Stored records
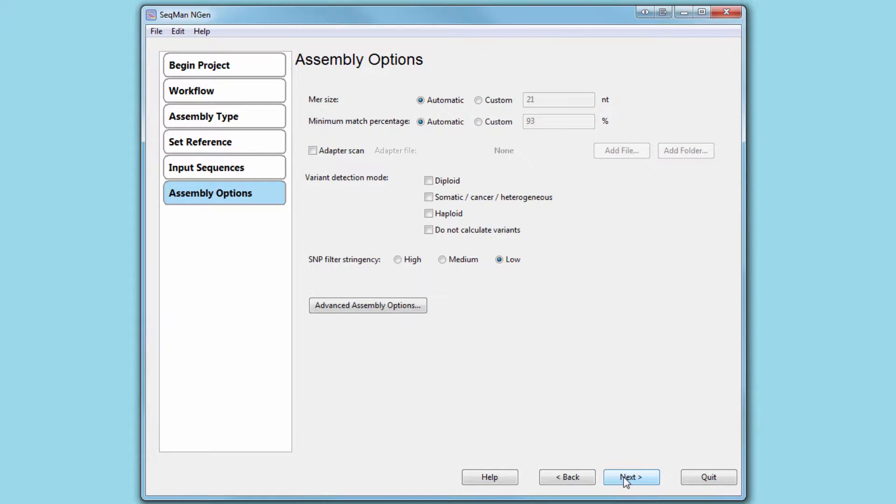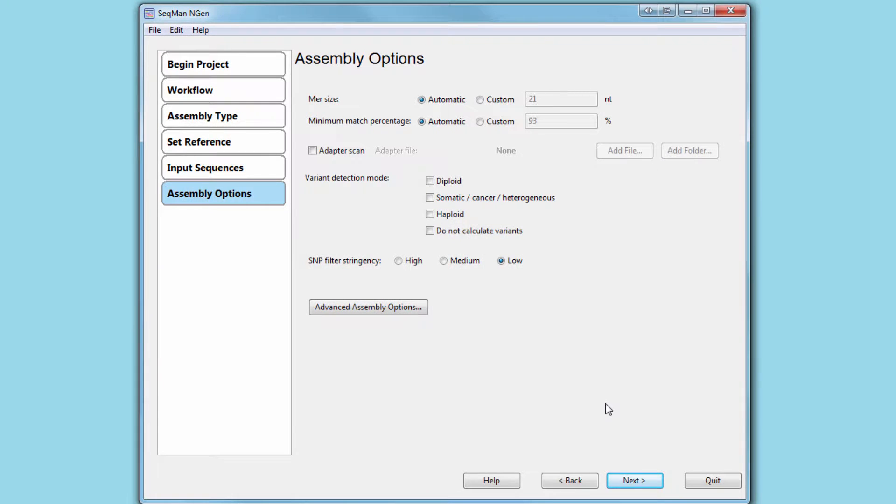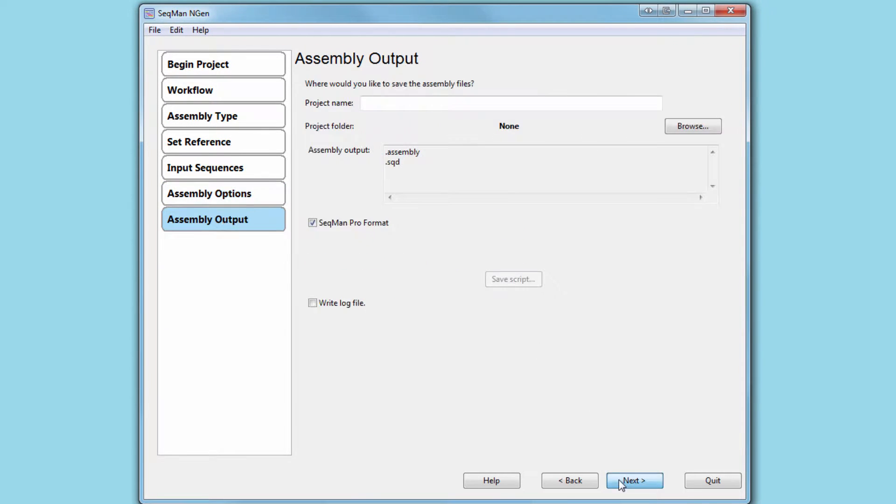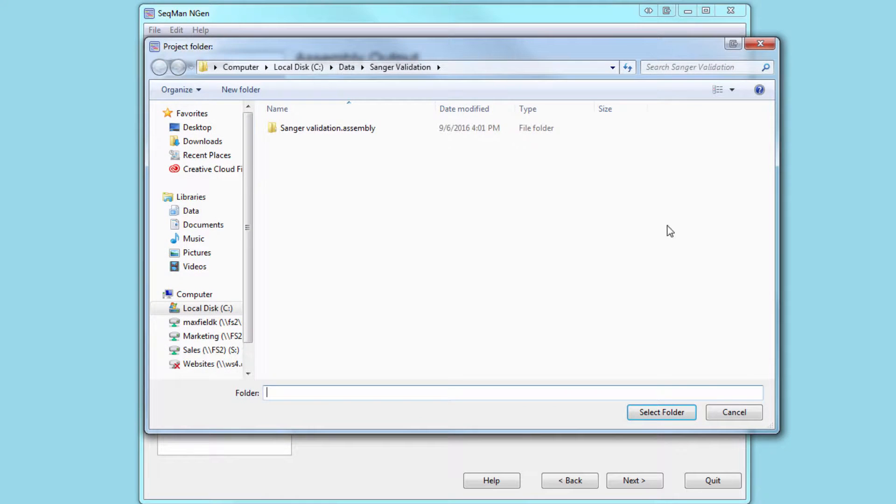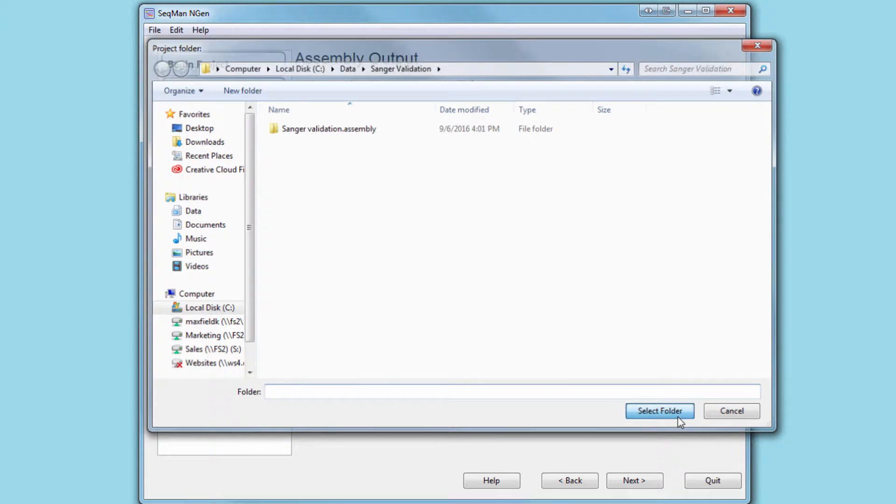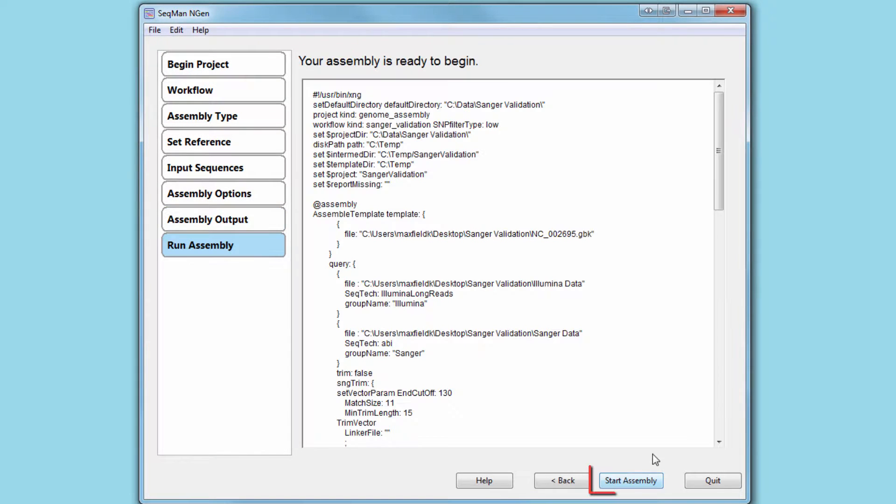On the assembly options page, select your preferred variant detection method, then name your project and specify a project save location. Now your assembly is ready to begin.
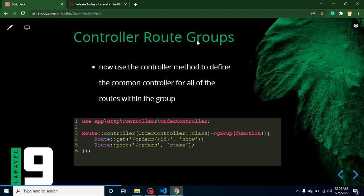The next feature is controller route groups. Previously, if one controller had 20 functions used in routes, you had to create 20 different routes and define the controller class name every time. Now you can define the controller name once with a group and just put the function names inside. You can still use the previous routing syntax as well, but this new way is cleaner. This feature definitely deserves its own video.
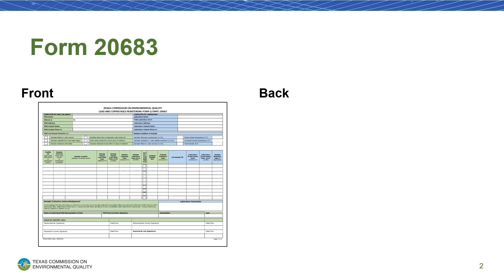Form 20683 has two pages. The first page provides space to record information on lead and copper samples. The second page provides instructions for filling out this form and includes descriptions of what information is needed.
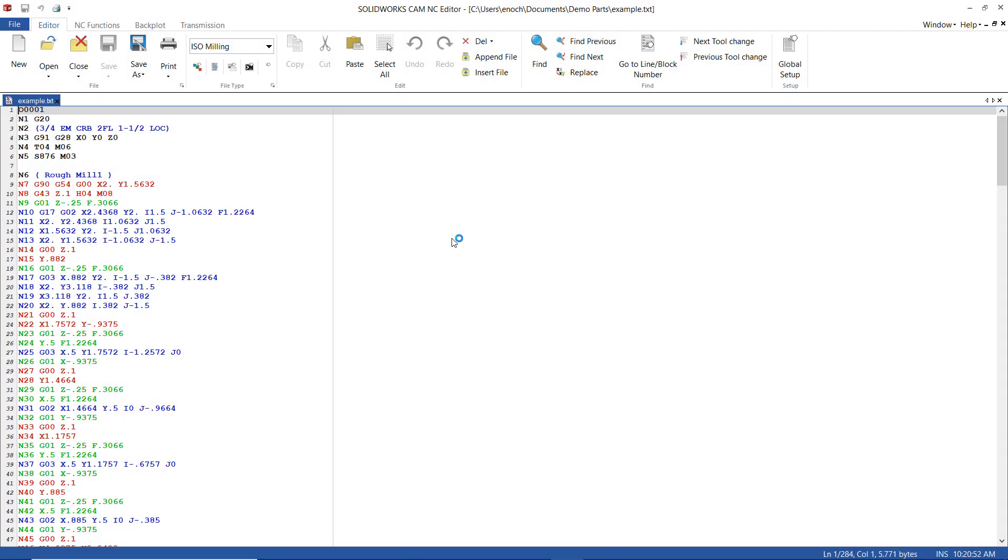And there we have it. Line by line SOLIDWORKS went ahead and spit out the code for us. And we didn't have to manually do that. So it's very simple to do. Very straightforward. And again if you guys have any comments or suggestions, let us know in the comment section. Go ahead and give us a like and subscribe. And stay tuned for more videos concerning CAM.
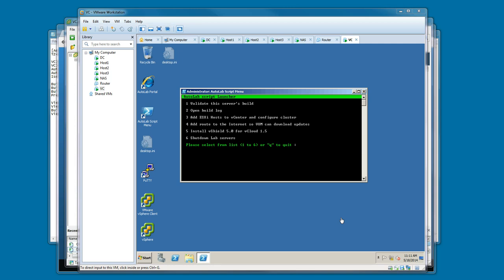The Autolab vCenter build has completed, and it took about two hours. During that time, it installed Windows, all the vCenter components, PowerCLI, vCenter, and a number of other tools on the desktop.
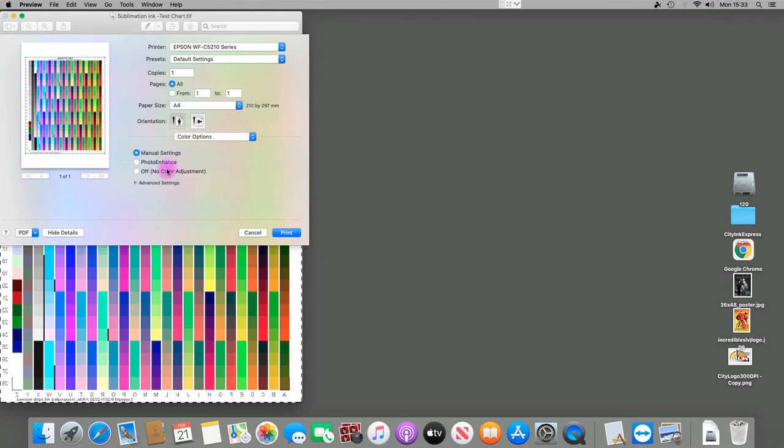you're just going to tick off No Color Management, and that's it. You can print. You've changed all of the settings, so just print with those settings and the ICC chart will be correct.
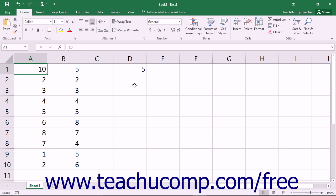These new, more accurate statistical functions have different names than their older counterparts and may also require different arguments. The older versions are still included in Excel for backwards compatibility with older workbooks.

...

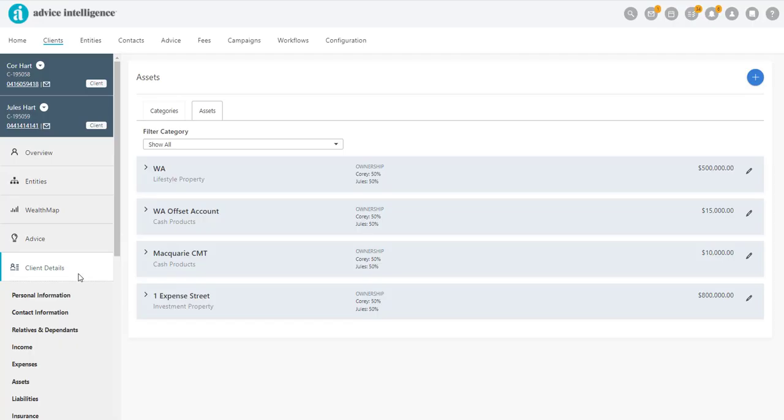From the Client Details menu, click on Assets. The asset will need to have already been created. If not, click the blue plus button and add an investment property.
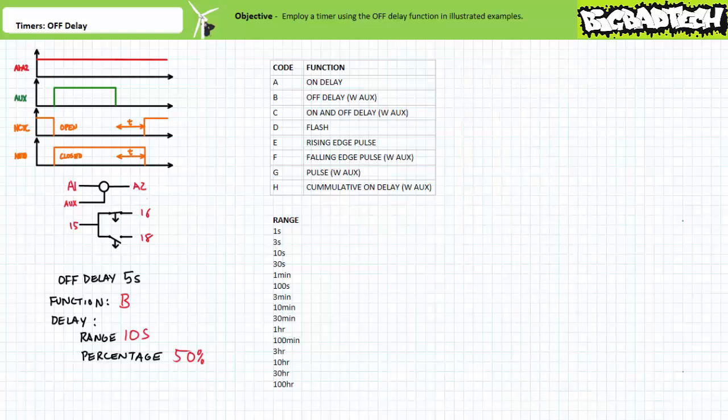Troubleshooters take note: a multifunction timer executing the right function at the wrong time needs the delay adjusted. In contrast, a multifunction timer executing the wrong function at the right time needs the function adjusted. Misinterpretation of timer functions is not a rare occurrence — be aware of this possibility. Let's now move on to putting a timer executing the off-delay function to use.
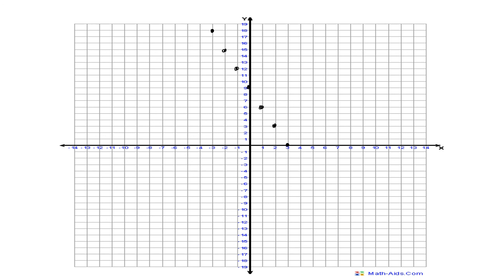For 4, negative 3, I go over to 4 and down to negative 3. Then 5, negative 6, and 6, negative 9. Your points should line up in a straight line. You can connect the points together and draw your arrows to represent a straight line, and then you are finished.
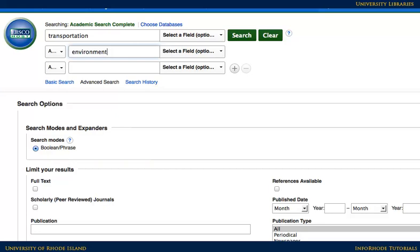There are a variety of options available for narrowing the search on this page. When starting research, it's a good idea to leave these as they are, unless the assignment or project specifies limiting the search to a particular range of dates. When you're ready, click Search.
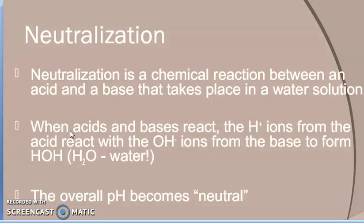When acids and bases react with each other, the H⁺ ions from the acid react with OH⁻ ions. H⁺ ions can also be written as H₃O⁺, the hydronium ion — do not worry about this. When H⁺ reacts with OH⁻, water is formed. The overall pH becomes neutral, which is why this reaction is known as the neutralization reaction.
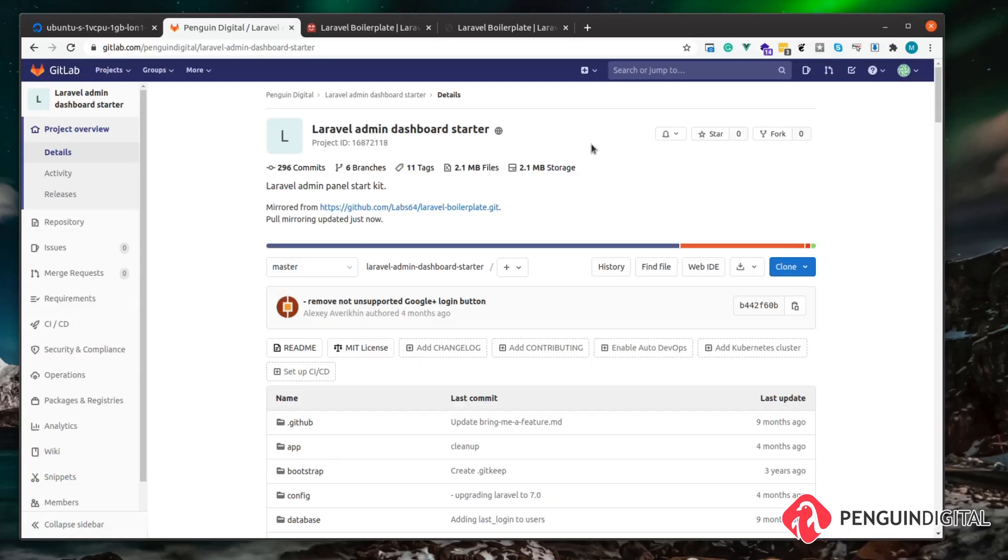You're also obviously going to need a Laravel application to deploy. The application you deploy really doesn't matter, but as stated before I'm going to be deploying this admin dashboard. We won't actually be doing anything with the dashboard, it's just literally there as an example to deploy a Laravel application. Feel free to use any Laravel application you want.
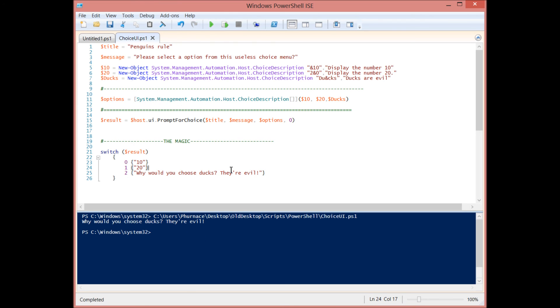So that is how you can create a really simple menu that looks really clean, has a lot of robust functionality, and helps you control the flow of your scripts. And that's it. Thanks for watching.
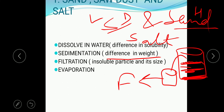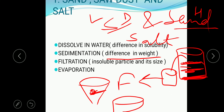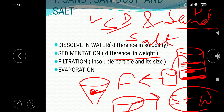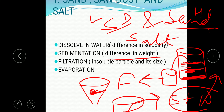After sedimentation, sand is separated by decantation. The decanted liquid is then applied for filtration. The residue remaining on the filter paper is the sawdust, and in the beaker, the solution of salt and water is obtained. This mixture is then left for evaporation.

▶ **ACTIVITY**:
Give again, exactly as written above, every line from the one holding "On the assembly" to the one holding "And there we", with both ends kept and the pictures left out.

▶ **EXERCISE ANSWER**:
On the assembly options page, select your preferred variant detection method, then name your project and specify a project save location. Now your assembly is ready to begin.
The next feature is controller route groups. Previously, if one controller had 20 functions used in routes, you had to create 20 different routes and define the controller class name every time. Now you can define the controller name once with a group and just put the function names inside. You can still use the previous routing syntax as well, but this new way is cleaner. This feature definitely deserves its own video.
Form 20683 has two pages. The first page provides space to record information on lead and copper samples. The second page provides instructions for filling out this form and includes descriptions of what information is needed.
And there we have it. Line by line SOLIDWORKS went ahead and spit out the code for us. And we didn't have to manually do that. So it's very simple to do. Very straightforward. And again if you guys have any comments or suggestions, let us know in the comment section. Go ahead and give us a like and subscribe. And stay tuned for more videos concerning CAM.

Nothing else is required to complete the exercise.